Third parties usually need to access company networks and data to make these accessible to their contractors and employees. Hence, the chances of a data breach and other cybercrimes are magnified. But organizations can minimize risks through robust third-party risk management. As part of this, Reverse DNS Search can help by:
- Identifying hosts and domains related to a third-party website, IP address, or DNS record
- Determining if any of the domains associated with third parties are malicious and, therefore, pose risks
Let’s take a closer look.
Identify Domains Associated with a Third Party
Associations with malicious actors is among the telltale signs of third-party risk. For instance, suppose a third-party vendor or contractor is associated with malicious domains through its IP address, nameserver, or mail server. In that case, there is a possibility for attackers to get hold of its domain. By extension, your network and data could also be exposed.
To illustrate, we obtained 10 domains reported on PhishTank then used DNS Lookup tools to retrieve their A and AAA records. We ran the associated IP addresses on Reverse DNS Search to gain insights into how many other domains share them.
| Reported Domains | IP Address (A Record) | Number of Associated Domains |
|---|---|---|
| micr0s0ft-secure[.]nw[.]r[.]appspot[.]com | 216[.]58[.]217[.]212 | 10 |
| halifax[.]co[.]uk[.]login-review-7438[.]info | 146[.]0[.]76[.]81 | 13 |
| grupmabarfreefire[.]freefire-2020[.]my[.]id | 207[.]180[.]194[.]25 | 52 |
| mshardware[.]bizzrise[.]in | 162.[.]41[.]114[.]56 | 91 |
| sync[.]owaaccessvoice[.]ml | 198[.]12[.]250[.]51 | 99 |
| preorderatt[.]weebly[.]com | 199[.]34[.]228[.]54 | 176 |
| familynametees[.]com | 198[.]20[.]71[.]143 | 477 |
| secure[.]scotiaonline[.]com[.]noneed[.]uk | 209[.]182[.]213[.]43 | 549 |
| dns-e58d6[.]web[.]app | 151[.]101[.]65[.]195 | 5,100+ |
| cpsclanaudiere[.]org | 67[.]215[.]3[.]243 | 5,400+ |
Reverse DNS Search revealed that the IP addresses the domains were hosted on also served as hosts to dozens, hundreds, and even thousands of other domains. Some of these connections are probably fortuitous — after all, thousands of website owners may share an IP address due to their hosting configuration. Taking a closer look at the lists of associated domains, nevertheless, could provide some insights into malicious connections.
Determine a Third Party’s Association with Malicious Domains
It is also important to note that out of the 10 IP addresses in the table above, only 199[.]34[.]228[.]54 has been reported for malicious activities.
As such, looking into a third party’s IP address alone may not give you the whole picture. The connected domain doctorfix[.]org, for instance, resolves to 146[.]0[.]76[.]81 (one of the IP addresses in the table above). Running both the domain and IP address through a threat intelligence platform or third-party risk monitoring system that does not have a reverse DNS search feature would yield no warning signs.
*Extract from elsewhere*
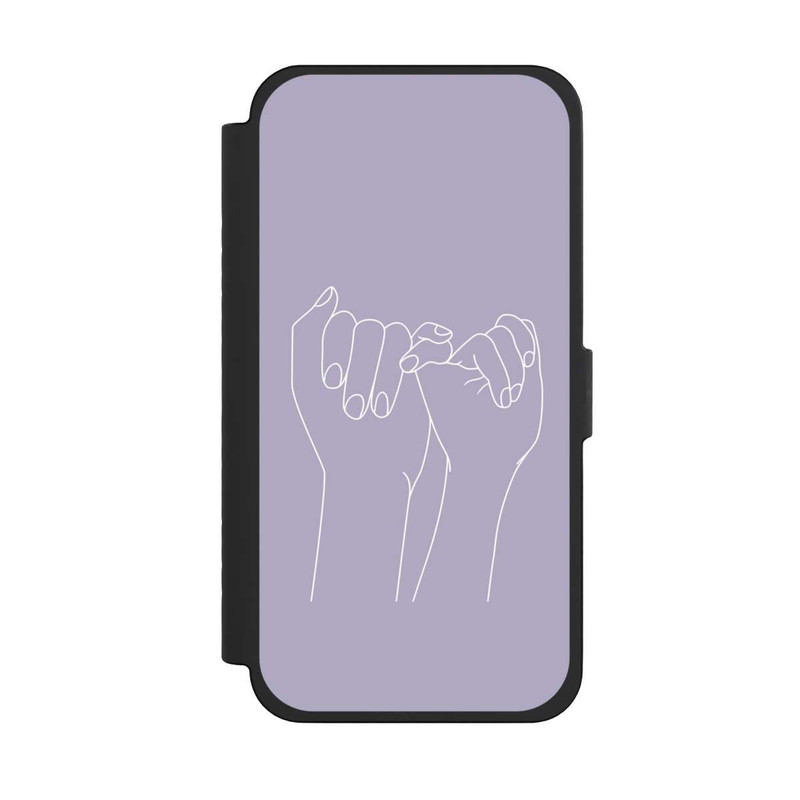 iPhone 15 Pro Max NIVOflip Versprechen Line Art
However, performing a reverse DNS search on 146[.]0[.]76[.]81 would yield 13 domains sharing the same IP address:
Of these 13 domains, six have been cited for phishing and spamming activities by Spamhaus, specifically:
- cpanel[.]kopenvaarbewijs[.]com
- webmail[.]kopenvaarbewijs[.]com
- autodiscover[.]kopenvaarbewijs[.]com
- kopenvaarbewijs[.]com
- webdisk[.]kopenvaarbewijs[.]com
- realalphalife[.]com
Robust third-party risk monitoring entails that a third party’s domain associations through its IP address and other DNS records should also be investigated.
Third-party risk management is a vital part of cybersecurity. Without it, an organization’s cybersecurity posture remains weak and incomplete. Reverse DNS Search allows companies to get a better picture when it comes to assessing third parties. By integrating reverse DNS search into risk assessment systems and methodologies, enterprises not only determine if a third party is but also pinpoint which of its domains and DNS records can be a source of cyber risks.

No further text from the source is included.